• Task item: Exact repetition of a range: find the line containing "Aerodeckvv - #carboners" and the line containing "Karya Bakti Bersihkan" in the material below, then repeat both and all lines between them, leaving pictures out.

• Data section:
☆ ☆ ☆

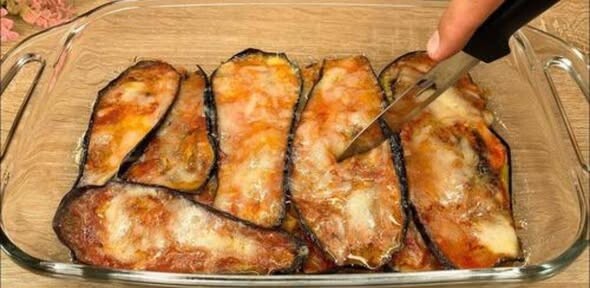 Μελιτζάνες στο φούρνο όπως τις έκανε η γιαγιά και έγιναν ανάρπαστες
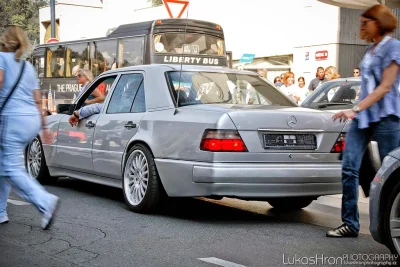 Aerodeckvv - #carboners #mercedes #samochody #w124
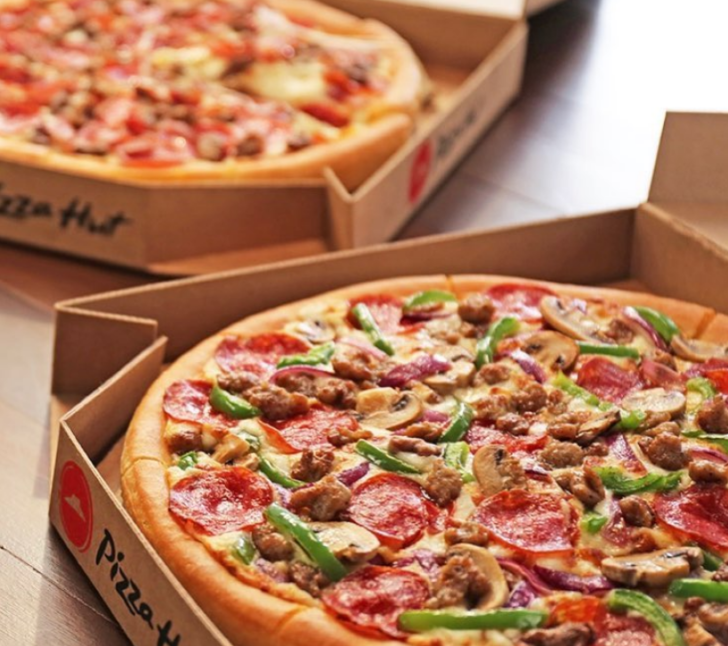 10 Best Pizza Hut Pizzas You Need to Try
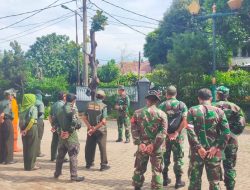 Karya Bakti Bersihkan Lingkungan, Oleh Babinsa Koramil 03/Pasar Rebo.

☆ ☆ ☆

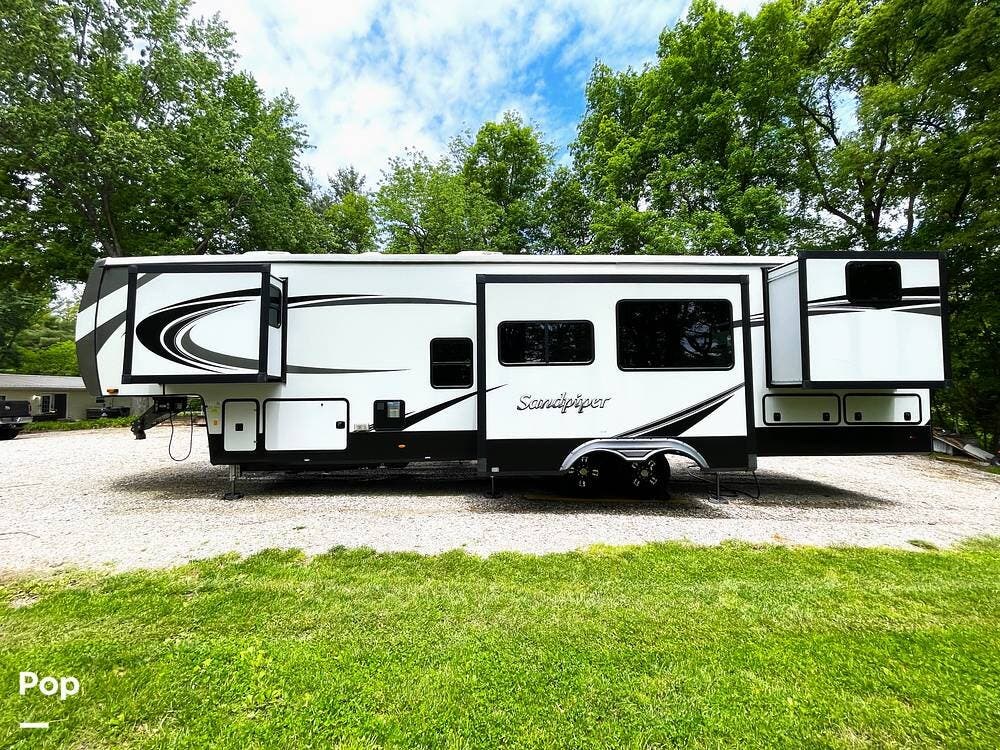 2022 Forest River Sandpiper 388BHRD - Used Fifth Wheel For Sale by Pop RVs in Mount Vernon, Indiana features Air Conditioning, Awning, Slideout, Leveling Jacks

☆ ☆ ☆

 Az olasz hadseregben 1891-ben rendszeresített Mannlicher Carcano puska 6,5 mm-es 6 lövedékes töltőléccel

☆ ☆ ☆

• Response to this task:
 Aerodeckvv - #carboners #mercedes #samochody #w124
 10 Best Pizza Hut Pizzas You Need to Try
 Karya Bakti Bersihkan Lingkungan, Oleh Babinsa Koramil 03/Pasar Rebo.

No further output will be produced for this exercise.